_TASK OBJECTIVE_
Word for word, please copy the listing below, with its pictures left out.

_SUPPLIED INFORMATION_

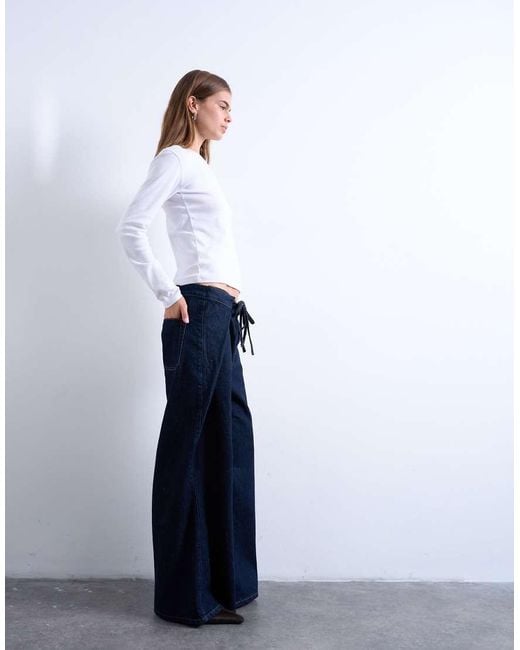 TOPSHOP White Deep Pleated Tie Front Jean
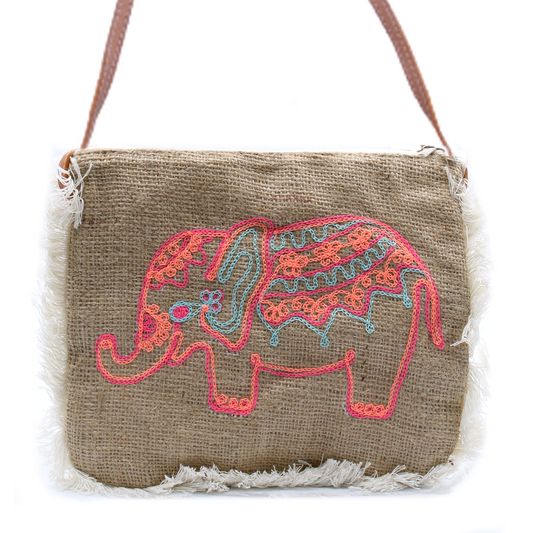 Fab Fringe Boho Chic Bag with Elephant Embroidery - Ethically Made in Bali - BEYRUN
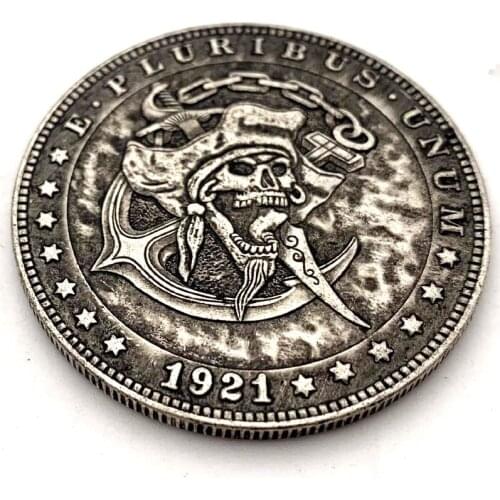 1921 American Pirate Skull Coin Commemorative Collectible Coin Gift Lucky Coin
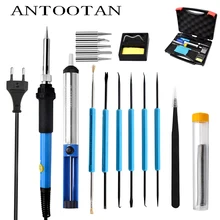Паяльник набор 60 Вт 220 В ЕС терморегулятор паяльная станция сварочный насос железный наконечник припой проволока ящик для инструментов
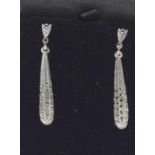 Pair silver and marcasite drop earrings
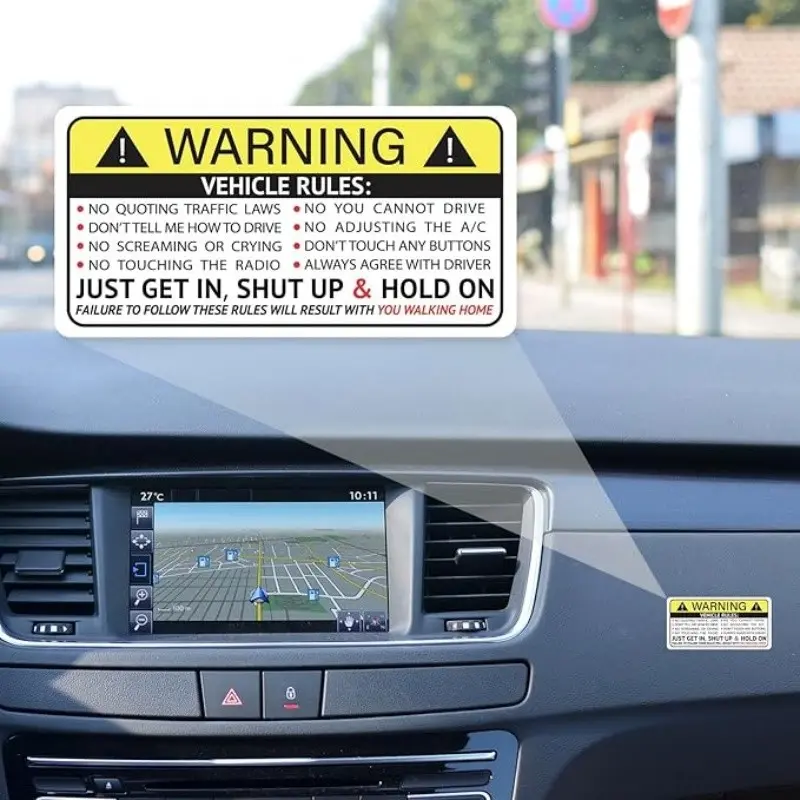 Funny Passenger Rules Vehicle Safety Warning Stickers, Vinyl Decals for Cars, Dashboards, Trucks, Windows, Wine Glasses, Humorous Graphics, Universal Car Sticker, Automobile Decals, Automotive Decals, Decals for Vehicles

_SOLUTION_
 TOPSHOP White Deep Pleated Tie Front Jean
 Fab Fringe Boho Chic Bag with Elephant Embroidery - Ethically Made in Bali - BEYRUN
 1921 American Pirate Skull Coin Commemorative Collectible Coin Gift Lucky Coin
Паяльник набор 60 Вт 220 В ЕС терморегулятор паяльная станция сварочный насос железный наконечник припой проволока ящик для инструментов
 Pair silver and marcasite drop earrings
 Funny Passenger Rules Vehicle Safety Warning Stickers, Vinyl Decals for Cars, Dashboards, Trucks, Windows, Wine Glasses, Humorous Graphics, Universal Car Sticker, Automobile Decals, Automotive Decals, Decals for Vehicles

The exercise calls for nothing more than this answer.